What to work on: When you output the records, match them exactly and omit any picture they include.

Provided entries:
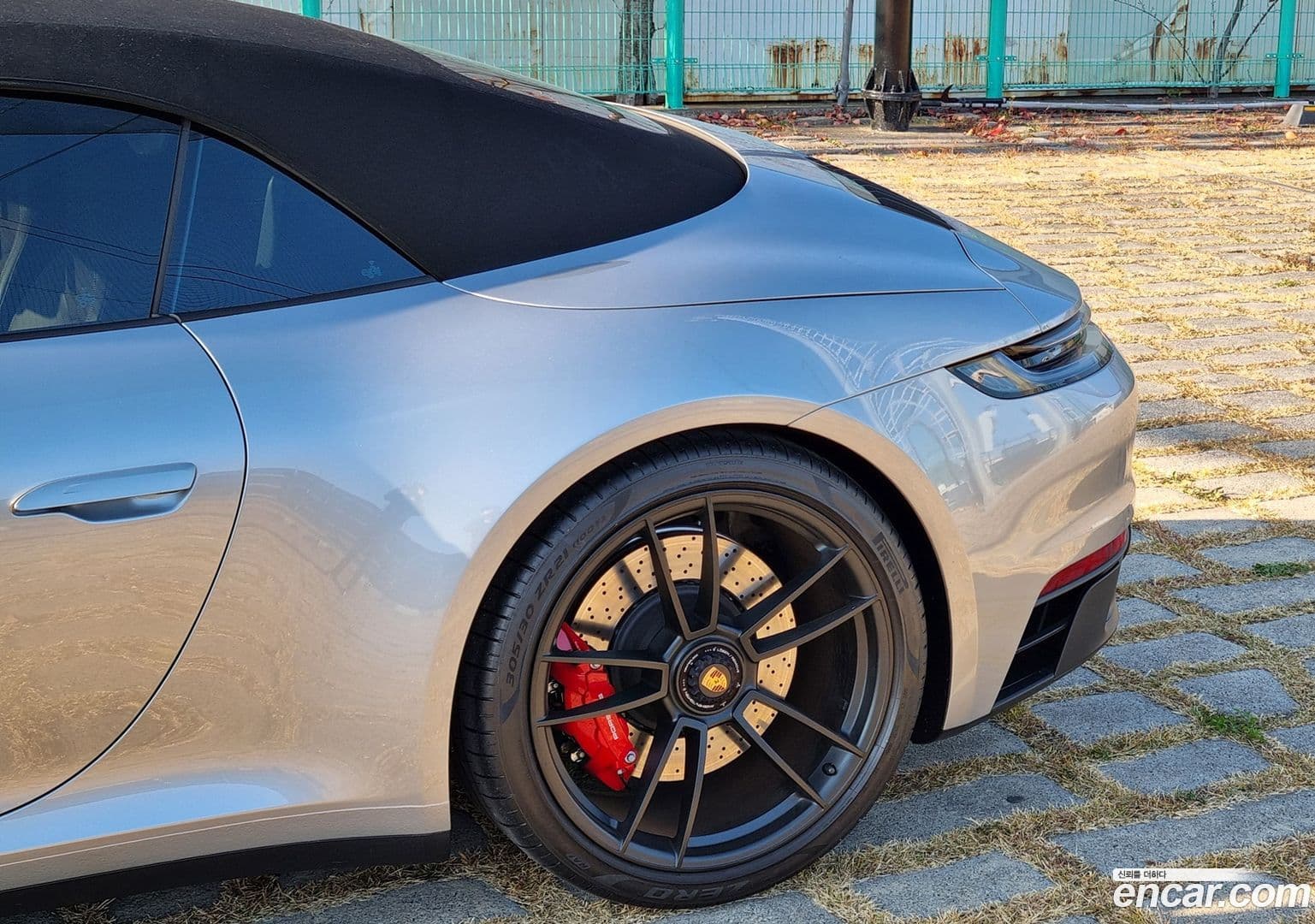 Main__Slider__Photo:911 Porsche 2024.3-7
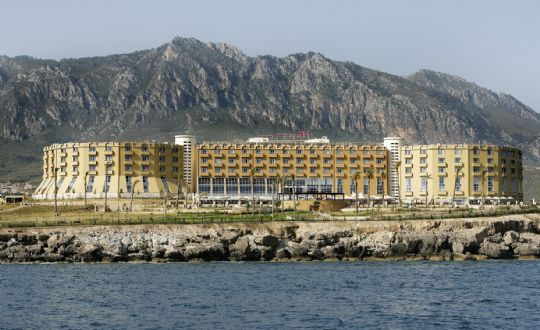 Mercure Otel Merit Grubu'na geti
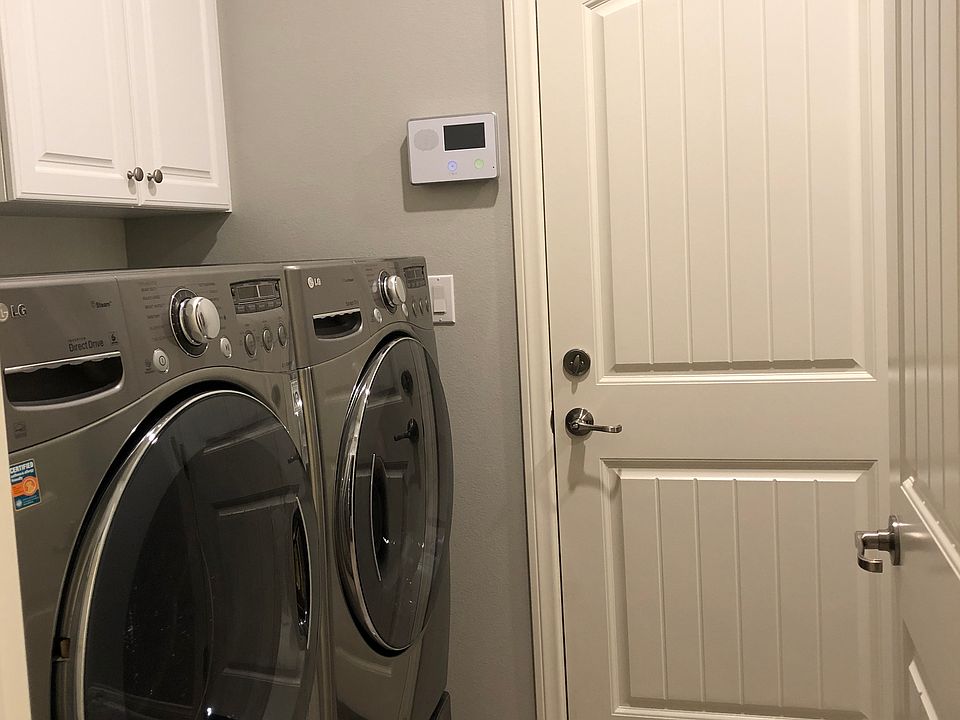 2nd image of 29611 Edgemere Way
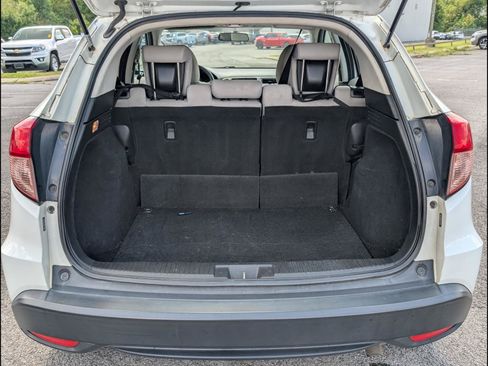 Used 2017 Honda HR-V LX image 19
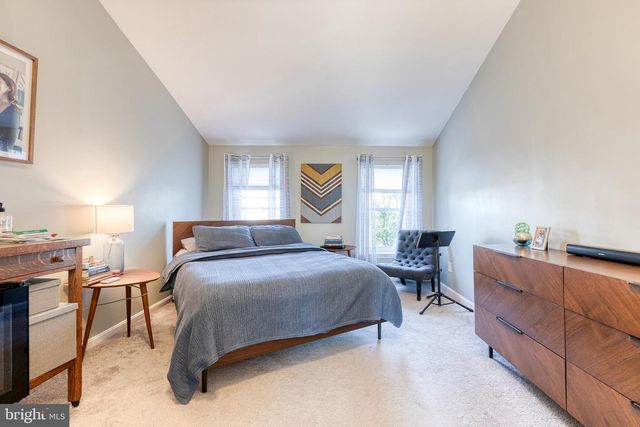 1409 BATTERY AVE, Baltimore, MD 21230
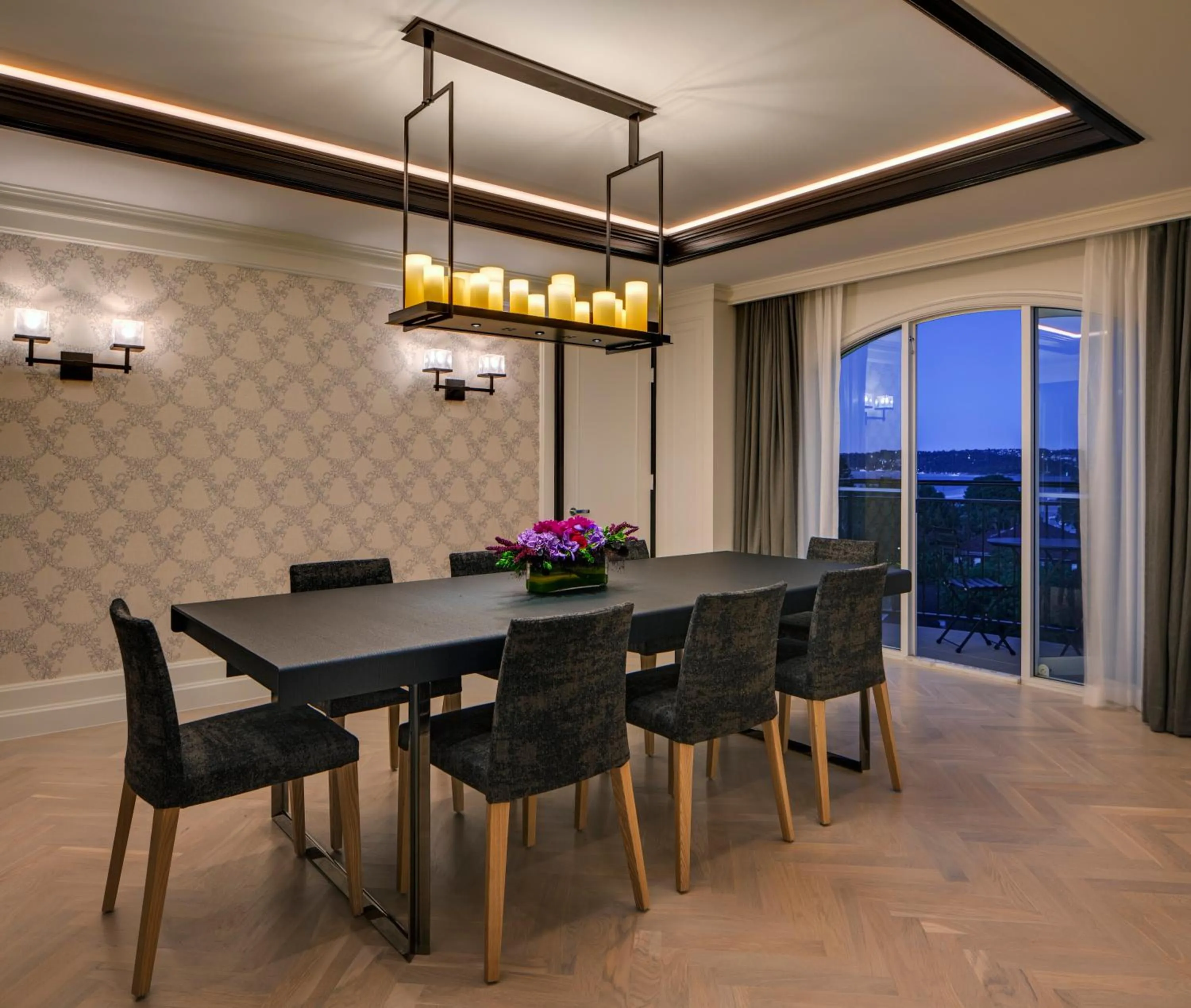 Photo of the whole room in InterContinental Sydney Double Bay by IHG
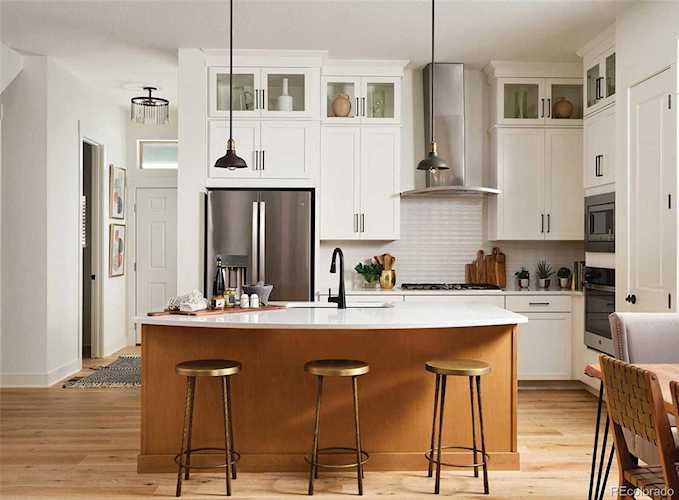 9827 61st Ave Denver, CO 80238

Written solution:
 Main__Slider__Photo:911 Porsche 2024.3-7
 Mercure Otel Merit Grubu'na geti
 2nd image of 29611 Edgemere Way
 Used 2017 Honda HR-V LX image 19
 1409 BATTERY AVE, Baltimore, MD 21230
 Photo of the whole room in InterContinental Sydney Double Bay by IHG
 9827 61st Ave Denver, CO 80238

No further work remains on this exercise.